Heh. I am going to be very disappointed if that isn't the title of Demi Moore's forthcoming memoirs. I'm just saying.

Some context for those too young to have seen Demi's 80s breakthrough, released twenty-five years ago on this very day. Joel Schumacher's St. Elmo's Fire is a story about a group of college grads who are struggling through their quarter-century life crises together. Jules (Demi Moore) is the messiest (and most fabulous) of them all. In the middle of the night she calls her most responsible friend in a panic. "I'm with these Arabs and they've been forcing me to do coke all night. I'm not sure because I don't understand much Arabic but I think I heard the word gangbang. You've gotta come and get me!" He rushes to her rescue only to find a tame unthreatening party. She refuses to leave with him and starts making booty calls instead. He tries to reason with her, until she lobs that delicious dismissal his way.

"And waste all this good coke?"

I have loved Demi Moore ever since. Which was not always a wise life choice, but what can you do? We love the actresses we love.


Because I can't quit there -- this movie is so addictive -- a Monday Monologue from the same film.

Uptight Leslie (Ally Sheedy) and Frumpy Wendy (Mare Winningham) have convinced Wild Jules to eat lunch at the soup kitchen where Wendy volunteers. This is not, shall we say, Jules' natural environment. It turns out her girlfriend's have an intervention in mind. They're worried about her obsession with her stepmother and her crazy-making sexual dalliances.
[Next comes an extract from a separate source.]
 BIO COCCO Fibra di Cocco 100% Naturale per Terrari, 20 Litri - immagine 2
"Moi?" Jules asks, caught off guard. After a quick silent beat with a flash of 'how to navigate this?' worry on her face, Demi unleashes Jule's defensive fabulousity posturing.
Forrester? Come on, he's wonderful.
Forrest is her married boss. But she's got it all figured out.
This is the 80s. Bop him for a few years. Get his job when he gets his hand caught in the vault. Become a legend. Do a Black Mink ad. Get caught in a sex scandal. Retire in massive disgrace. Write a huge best seller and become the fabulous host of my own talk show.
"Well, it was silly of us to worry," Wendy says in disbelief and the kind of snark-free sarcasm only found prior to the late Nineties.
It really is. He's helped me so much. He's come up with so many alternatives for my stepmonster's funeral.
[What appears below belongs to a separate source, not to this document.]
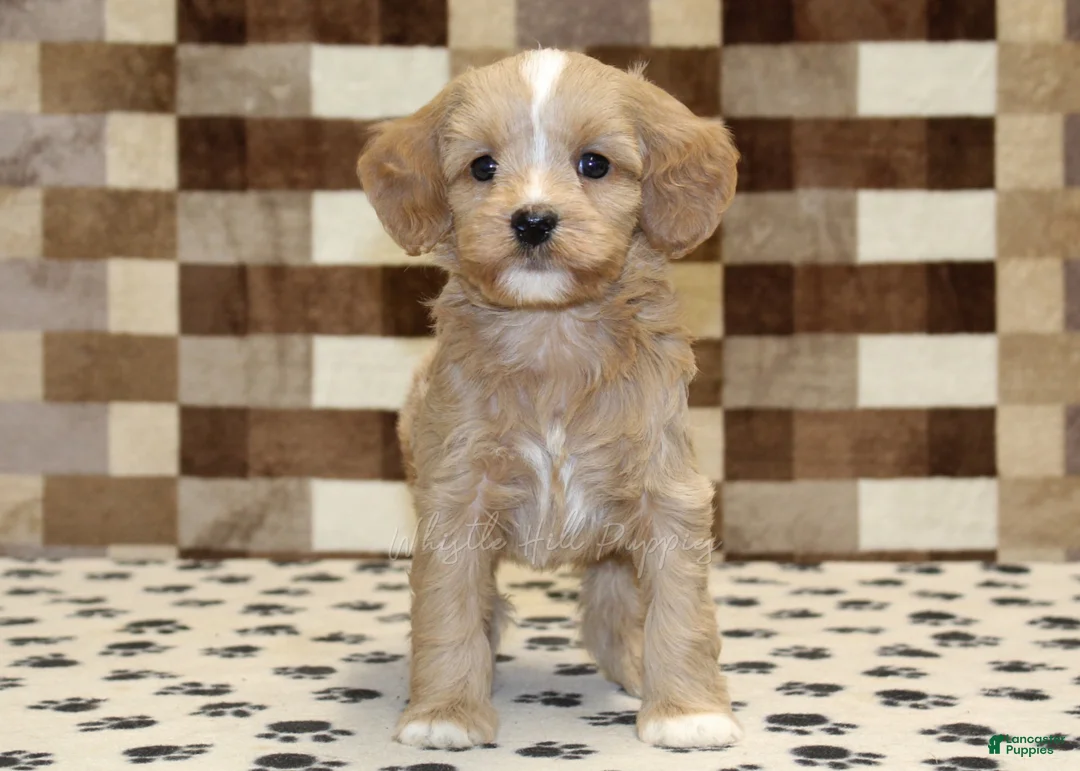 Mixed Breed dogs for sale: Molly - Ad 3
It turns out cremation is just as expensive as the non torch method and if I don't come up with a cheaper solution, I'm going to end up a bag lady...

Of course I'll have alligator bags.


A head toss, the laugh of the self-amused and then a look at the time get me the hell out of here avoidance of the real issues she's just been so flippant about.

And she's outta there... and every time she's outta there the movie deflates a little. Demi's comedic skills are underrated and paired with that famously husky voice and needy screen energy, she turns out to be the perfect match for this charismatic trainwreck.

A parting shot just to underline Jules' trying-too-hard fabulousity -- this is her apartment.

Art Direction by William Sandell / Set Decoration by Robert Gould & Charles Graffeo

Naturally she's wild about her decorator "Gay became very chic in the Seventies!"